- DER Trends
- Utility Innovation
- Utility Disruption
- Utility Transformation
Like Utilities, Verizon Ponders Its Own Death and Reincarnation
I often hear comparisons between the telecom and energy industries in terms of history of monopolies and market deregulation. This analogy remains applicable as both industries are disrupted by innovative technologies that give consumers more market power.
The Verizon Case Study
I recently read the article, “Verizon Makes Statement with New Disney Deal: The Economics of Old Pay-TV No Longer Make Sense.” It noted
how Verizon Wireless is offering the entire Disney streaming bundle (Hulu,
Disney+, and ESPN+) for free to some of its unlimited wireless customers.
Verizon basically acknowledges that the traditional cable bundles, such as its
Fios offering, will go away. “The current value chain of the media business is
not working. It’s broken,” said Frank Boulben, Verizon Consumer Group’s senior
vice president of marketing and products, in an interview with CNBC.
So, the incumbent provider, Verizon, is being replaced by apps and the company’s subsidiary, Verizon Wireless. This situation should sound familiar to people in the energy industry. You can view Verizon Fios as the utility, Verizon Wireless as its deregulated subsidiary, and all the streaming services as distributed energy resources (DER). Fios (brown power) sales are declining while third-party vendors and resources (solar, storage, EVs) are proliferating. And the deregulated subsidiary is trying to be proactive, even while potentially cannibalizing the parent (consider examples such as Exelon/Constellation, Southern Company, NextEra Energy, National Grid, Enel, ENGIE, Centrica).

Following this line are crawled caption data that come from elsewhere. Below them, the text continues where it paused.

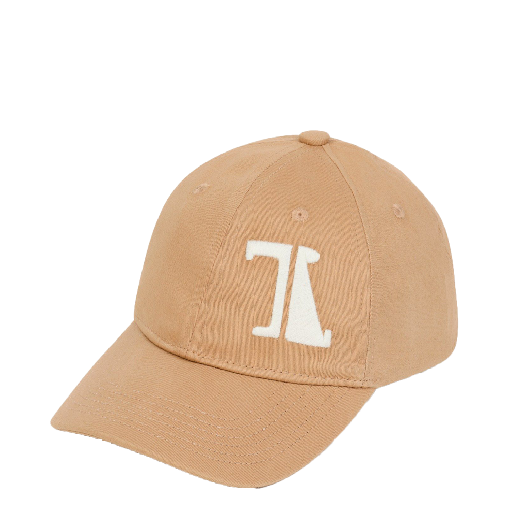Kids shoe online The Animals Observatory caps Beige cap with graphic logo TAO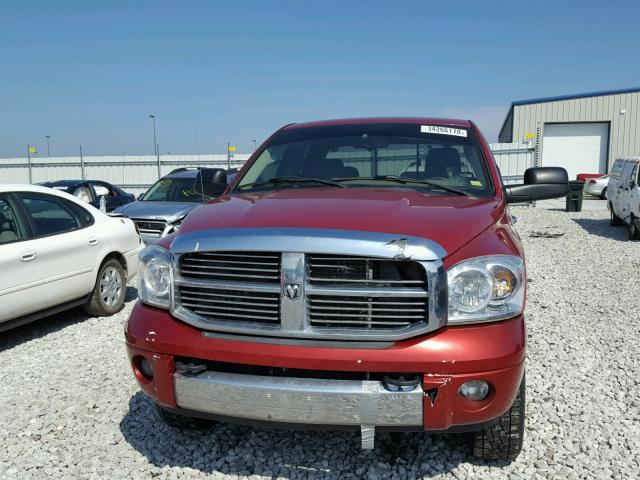 1D7KS28A37J615390 - 2007 DODGE RAM 2500 S MAROON photo 9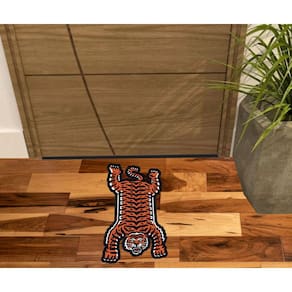 Tapete Para Decoração Tigre Laranja No Formato.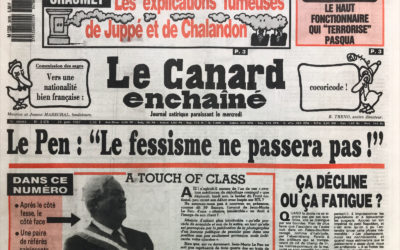 N° 3478 du Canard Enchaîné –  24 Juin 1987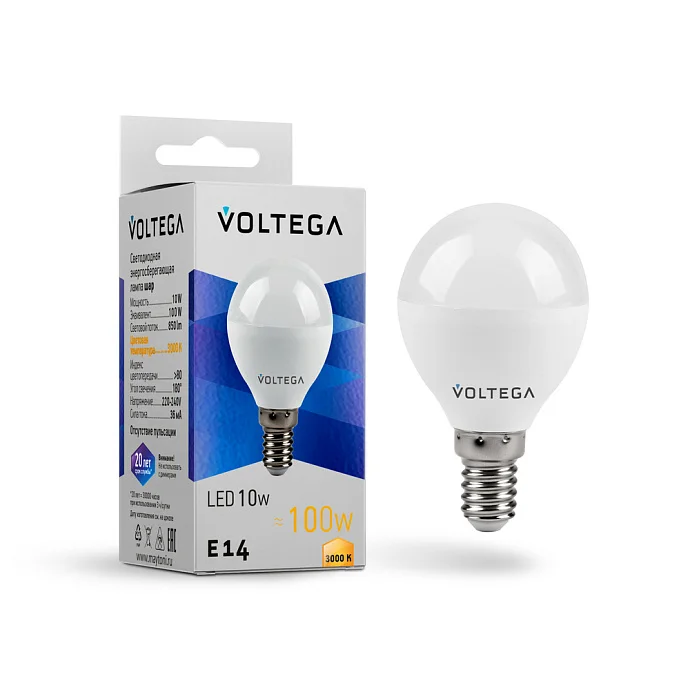 Voltega VG2-G45E14-3K-10W — 10.00Вт IP20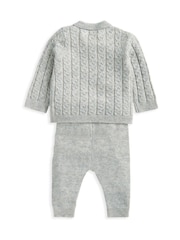 Mamas & Papas Pleten siv pulover in hlače 2 Pieces Set - Slika 3 iz 5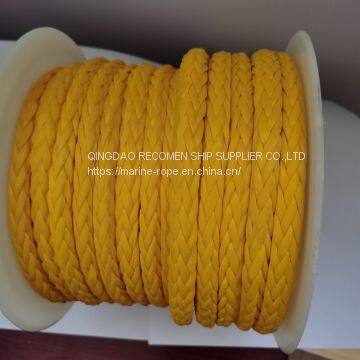 RECOMEN 8 Inch Machine Braided Rope Polyester MAX PLUS UHMWPE Rope 10mm
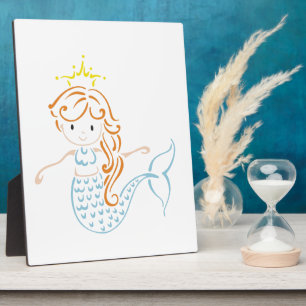 Mermaid Fairy Fotoplaat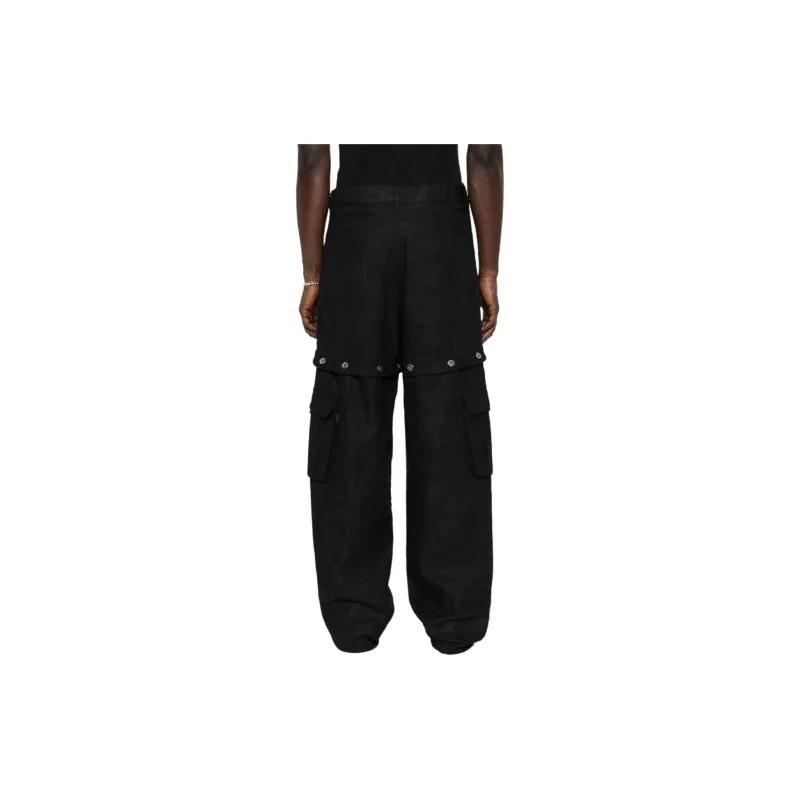 OFF WHITE Logo Embroidered Cargo Pants-2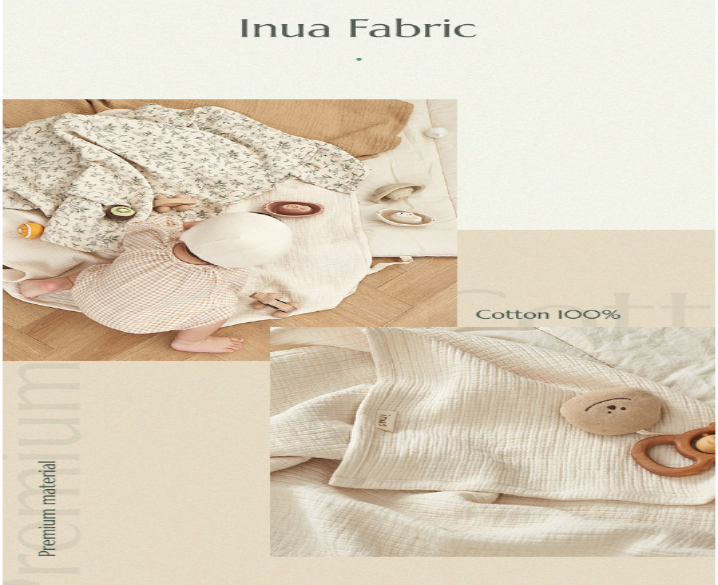 Inua Organic Cotton Nap Mat and Blanket Full set CreamHaus AUSTRALIA
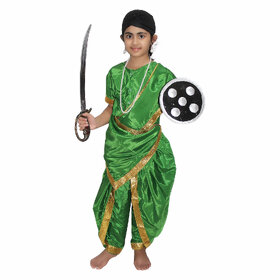 Kaku Fancy Dresses Rani Laxmi Bai National Hero/freedom figter Costume For Kids Independence Day/Republic Day/Annual function/theme party/Competition/Stage Shows Dress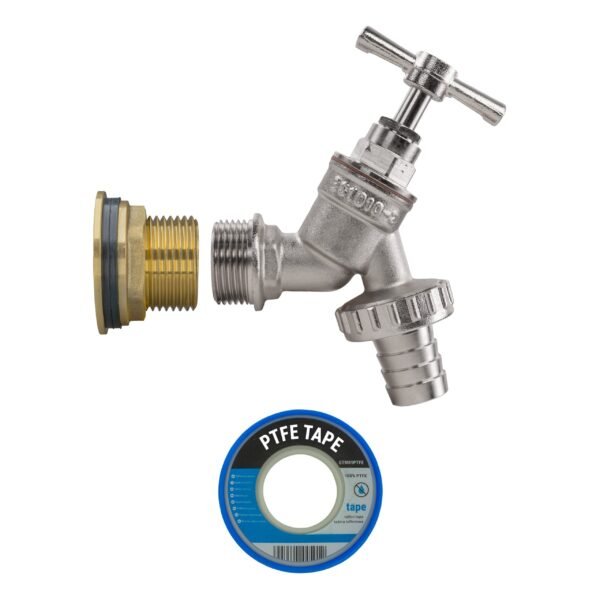 Water butt brass kit 3/4 inch with nickel plated brass barbed – rainwater harvesting kit uk water butt kits free shipping 17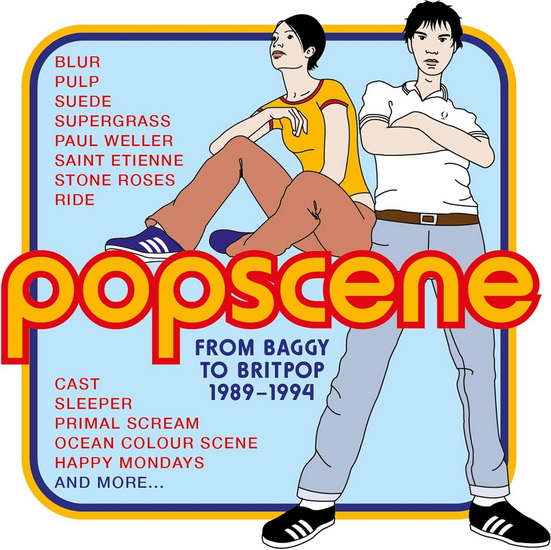 Popscene: From Baggy To Britpop 1989-1994 (4CD) - ARTISTES VARIÉS
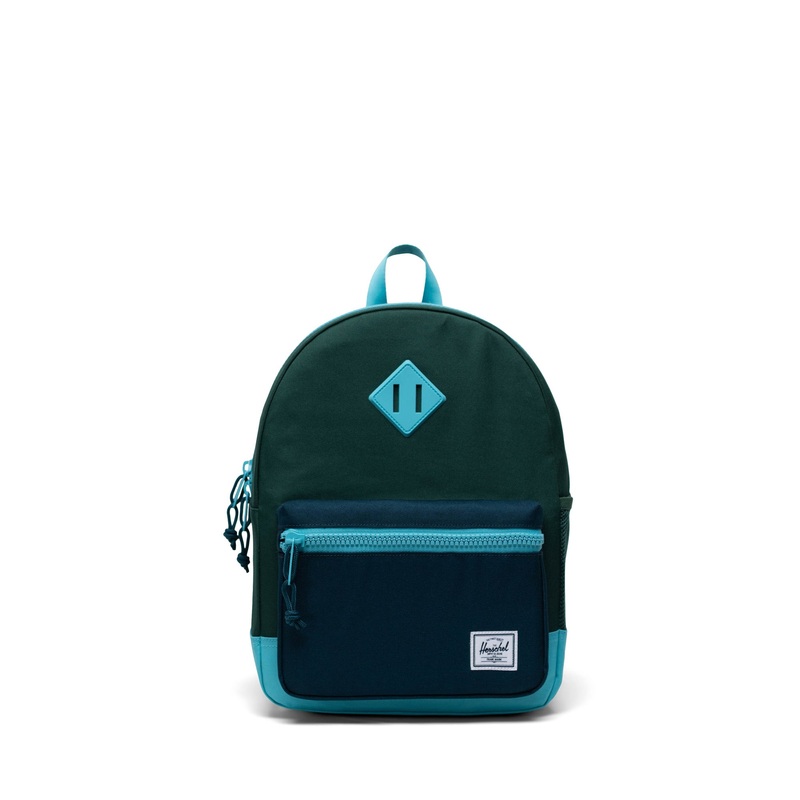 Herschel Heritage Kids Backpack-Hunter Green/Reflecting Pond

Facing Change, Incumbents Can Operate and Orchestrate
I won’t go so far as to subscribe to the old utility death spiral theory that was popular a few years ago. There is still a role for Verizon to provide internet service to connect all of the streaming services, similar to a utility continuing to provide transmission and distribution services and potentially operating a distributed energy resources management system (DERMS) to orchestrate the DER.
But the utility business model must change to survive. Survival will require regulatory shifts, grid planning adjustments, operational modifications, and customer engagement enhancements. I recently participated on a Smart Electric Power Alliance panel where we discussed these changes and the opportunities they might create.
Hopefully, this evolution will provide more potential revenue streams for the Verizons and utilities of the world rather than impede them. If they don’t fight to maintain their incumbent monopoly model but rather embrace the disruption, these companies will discover where they can still play a valuable role.